Février fait givrer les vitres autant que son âme. Adélaïde se dit : Le temps est comme figé. Chaque journée se ressemble, avec elle dorénavant son lot d’humiliations. Chaloir exige des couvertures de presse en forme de robe couleur de lune, compare dans chaque journal, sur chaque chaîne, dans chaque magazine, la place des autres maisons. Il dit annoncer la couleur, parle de réduction de personnel, utilise le terme d’incompétence. Adélaïde parfois pense : départ, démission. Puis aussitôt : loyer, charges, seule au monde.

 

Adélaïde s’ennuie et rien ne la motive. Si ce n’est Perdition, ce qui inquiète Judith. Judith a une enfant, mais elle n’a pas de chat. Elle ne peut pas comprendre, c’est ce que pense Hermeline. Hermeline a deux chats, Clotilde une chatte siamoise. Bérangère n’en a pas parce qu’elle est allergique. Adélaïde s’ennuie et ce sont ses amies qui se disent qu’il lui faut d’urgence un partenaire.

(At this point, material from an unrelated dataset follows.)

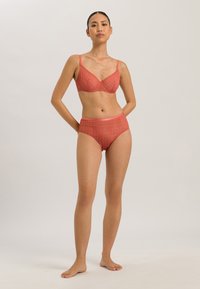 Rød lingeri sæt med en blonde bralette med justerbare stropper og højhævede trusser, der viser indviklede geometriske mønstre.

Adélaïde refuse obstinément Tinder en dépit de l’insistance de Bérangère. Hermeline connaît peu d’hommes hétérosexuels hormis ses étudiants et une poignée de collègues atteints d’alopécie. Clotilde ne trouve déjà pas pour elle-même, pourtant elle se dit moins difficile, donc elle ne peut pas aider. Alors Judith attend que son mari et sa fille aillent chez ses beaux-parents, en Savoie, faire du ski. Et organise une fête dont elle a le secret. Pas une de ces soirées entre filles, une vraie fête, de celles qu’aucun convive n’est près d’oublier.